Siena è da sempre una terra di grandi fornai, pasticceri e panificatori e tanti sono i suoi dolci autoctoni, tra cui i Ricciarelli, il Panforte, i Cavallucci, il Panpepato e le Copate.
E, sebbene in un paio di casi la paternità di queste leccornie dolciarie sia contesa con altre città, è anche vero che a tutti è noto che molte delle ricette della pasticceria senese appartengono a un passato lontano, risalente in alcuni casi anche al 1200, come nel caso del panforte, tipico dolce natalizio e simbolo gastronomico della città.
Se i cantucci vantano una popolarità più spiccata, forse in pochi conoscono le copate, dolcetti secchi, formati da due cialde o ostie sovrapposte che custodiscono un ripieno di miele, zucchero e mandorle tostate.

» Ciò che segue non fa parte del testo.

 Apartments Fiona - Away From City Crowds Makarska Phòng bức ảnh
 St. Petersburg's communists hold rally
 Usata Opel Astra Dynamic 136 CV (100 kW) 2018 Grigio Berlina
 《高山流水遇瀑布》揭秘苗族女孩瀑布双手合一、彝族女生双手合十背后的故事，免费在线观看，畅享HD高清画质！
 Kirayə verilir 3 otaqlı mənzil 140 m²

L’origine di questo dolce è incerta, così come il suo nome. Il termine “copata”, infatti, deriverebbe dal latino “copatus” che significa “accoppiato”, proprio ad indicare l’impasto racchiuso tra le due ostie, ma è più probabile che l’etimologia provenga dall’arabo “qubbaita”, che vuol dire “dolce mandorlato”, il che riporterebbe ad una loro origine molto più antica.
Si tratterebbe, infatti, di un’origine araba, all’epoca dei primi saraceni, che nel 831 conquistarono Palermo, dove ancora oggi esiste un dolce affine chiamato la Cubbaita, una forma molto primordiale dell’attuale torrone.

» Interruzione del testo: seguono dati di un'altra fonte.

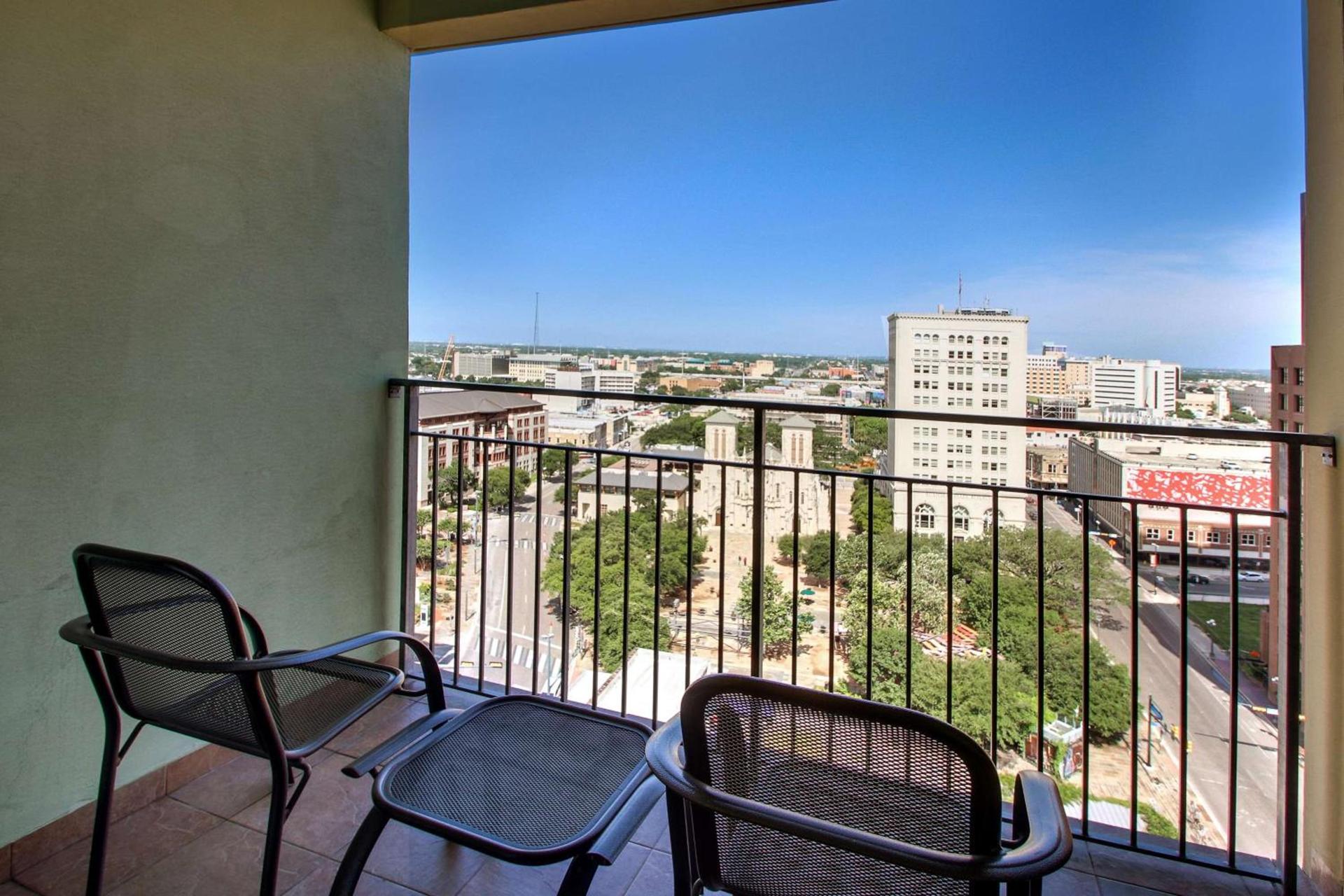 Drury Plaza Hotel San Antonio Riverwalk photo 30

C’è chi fa derivare la parola Copata o Cubaita dal termine “coppare”, che vuol dire ritagliare attraverso una coppa, a designare il gesto di ritagliare l’impasto con coppapasta rotondo.

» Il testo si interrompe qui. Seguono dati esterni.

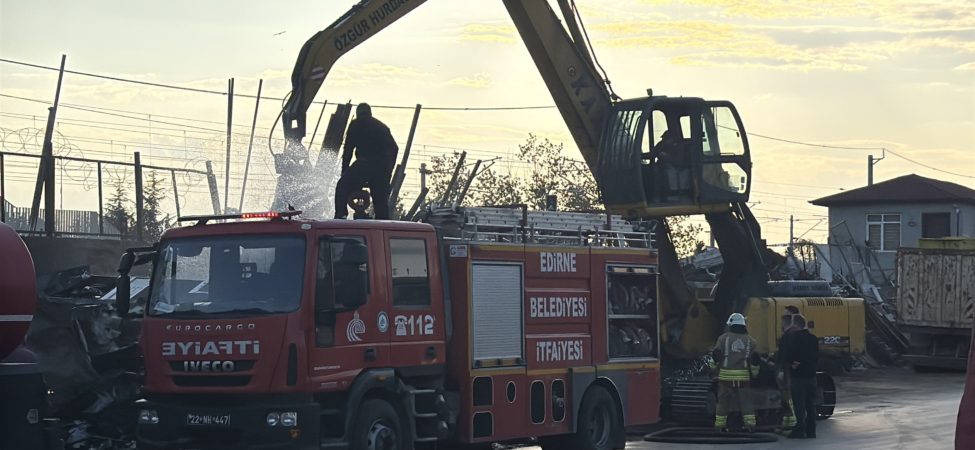 Edirne'de hurdacıda çıkan yangın söndürüldü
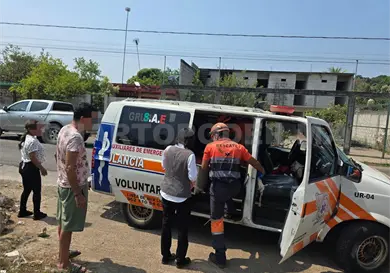 Por evitar chocar, derrapa y sale herido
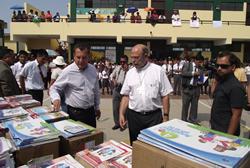 OBISPADO DEL CALLAO Y GORBIERNO REGIONAL ENTREGARON LIBROS DE RELIGION A NIÑOS DE PACHACUTEC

Le copate nacquero ad opera delle monache di Montecelso. Furono loro, infatti, che avuta notizia che le suore del Convento di San Baronto a Lamporecchio, producevano ostie rese più morbide e gradevoli con l’aggiunta di miele, decisero di emularle, apportandovi una sostanziale modifica: le ostie vennero accoppiate e tenute unite proprio da un sottile strato di miele.
L’idea fu della Badessa della monache e all’inizio i dolcetti vennero chiamati “nebulae” e divennero i dolci delle feste.
Fu, poi, un monaco olivetano a mescolare insieme lo zucchero e il miele, gherigli di noce, o forse mandorle, tostati e triturati, a creare un nuovo e gustoso ripieno che, nel 1700 si arricchì anche di cacao, dando origine alle “copate nere”.
Tramandate dai conventi, le ricette di questi dischetti al miele e noci, nelle diverse versioni arrivate sino a noi, sono diventati un dolcissimo modo di ricordare la città di Siena, con tutte le sue storie, le leggende, le battaglie, gli intrighi e le sue bellezze…chiamatela pure “poesia da gustare”.